So I've been struggling with this problem for a while so I would appreciate it if somebody helped me out with this.

I'm trying to create a physical robot that solves a puzzle. The image of the completed puzzle will be provided along with a picture of scattered pieces

I've gotten opencv to find contours and single out each piece and rotate them so they are all parallel to the horizontal axes (all "diamond" or "diagonal" pieces are rotated so they look like squares)

I've been using SIFT to match a bunch of small square pieces to the complete picture.

Comparing an un-rotated square piece to the full picture

The problem is this is not in the correct orientation. How would I go about finding out whether I need to rotate 90, 180, 270 degrees?

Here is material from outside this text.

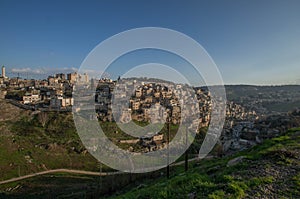 view of the evening district of Silwan. Jerusalem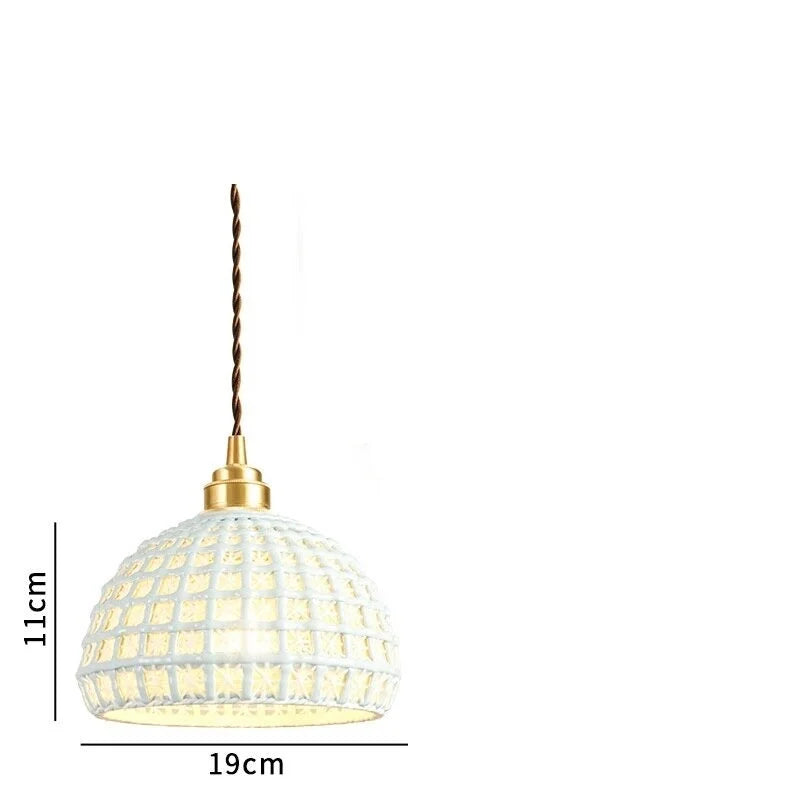 Ceramic Modern Led Pendant Lamp in White Blue or Pink | Luxury Transitional French Country Style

Another problem I have is to determine which quadrant (non-adrant?) the piece is in. For example, this piece belongs to the bottom right corner. Is there a function that identifies the majority of similar keypoints and then classify into one of the nine regions?

Since SIFT are designed to be rotation-invariant, it is a good thing that the feature matches even though you have a rotation.

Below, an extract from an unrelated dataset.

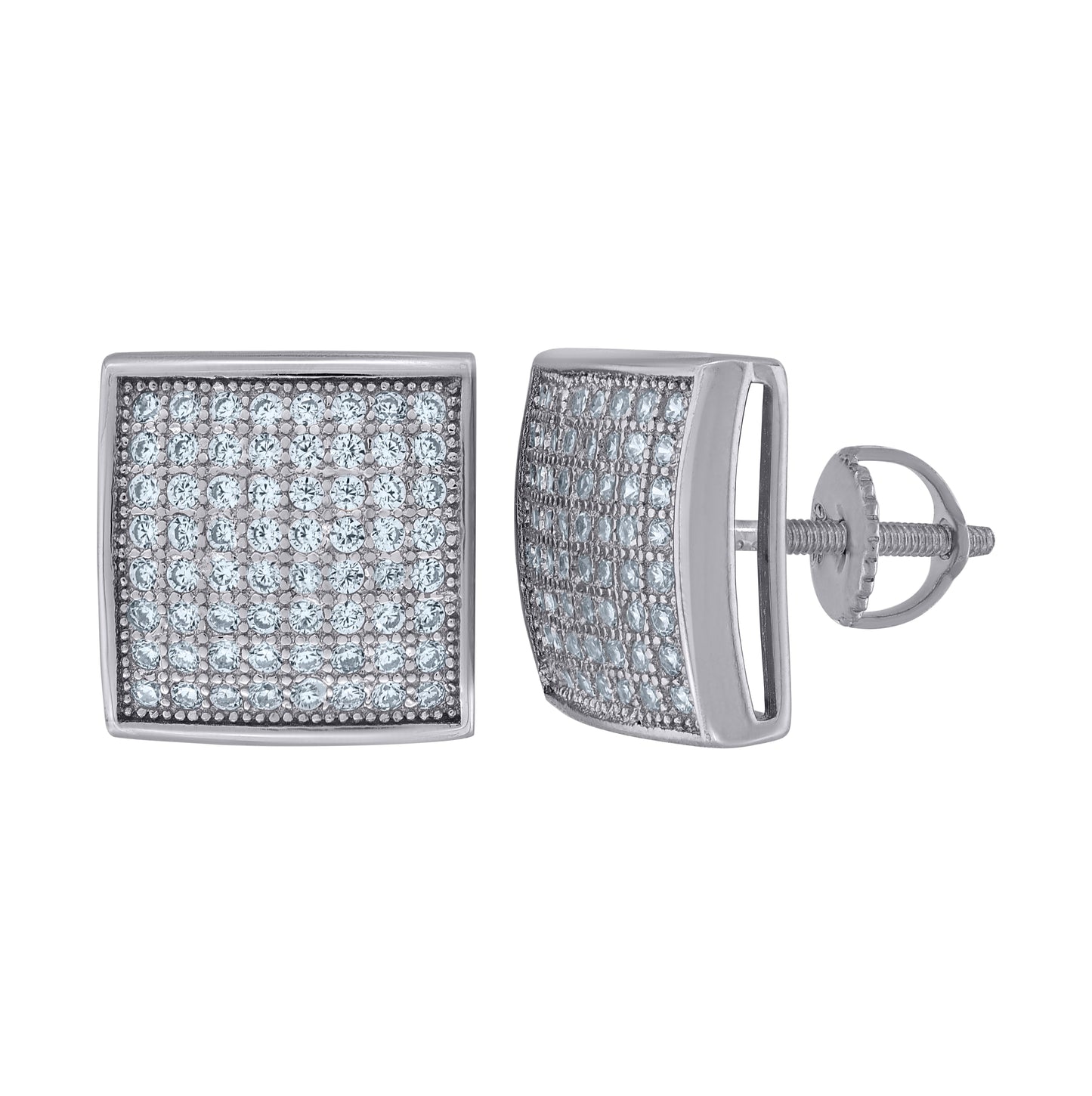 Sterling Silver Or Yellow-Tone Unisex Cubic Zirconia Square Stud Earrings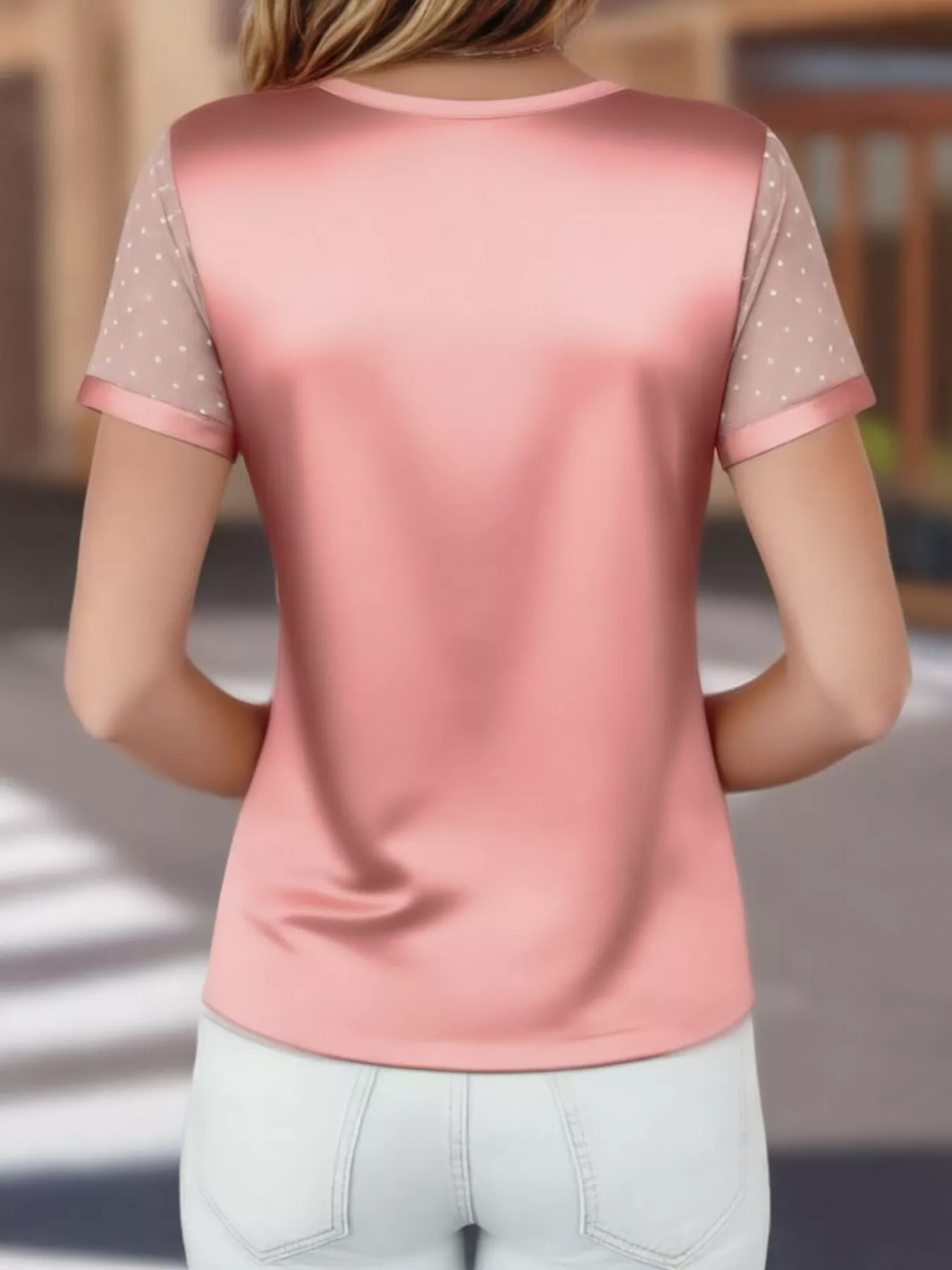 Polka Dot Mesh Sleeve Satin Short Sleeve Top - Image 11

To determine how much rotation you need, you generally need to have your camera calibration parameter in order to unproject the picture into a view that is top-down. For your robot, it looks like the pictures are already top-down.

If this assumption holds, you can perform a regression to figure out what angle you need to rotate your piece. If you also know that your pieces are always square, you only have 4 choices to choose from. In that case, you can try all 4 and see which one is "closest" to your extracted patch (matched via SIFT to the big picture).

Determining the quadrant the matched piece is in can be done by looking at the coordinates of the matched points. Their distance to the corners should be what you need.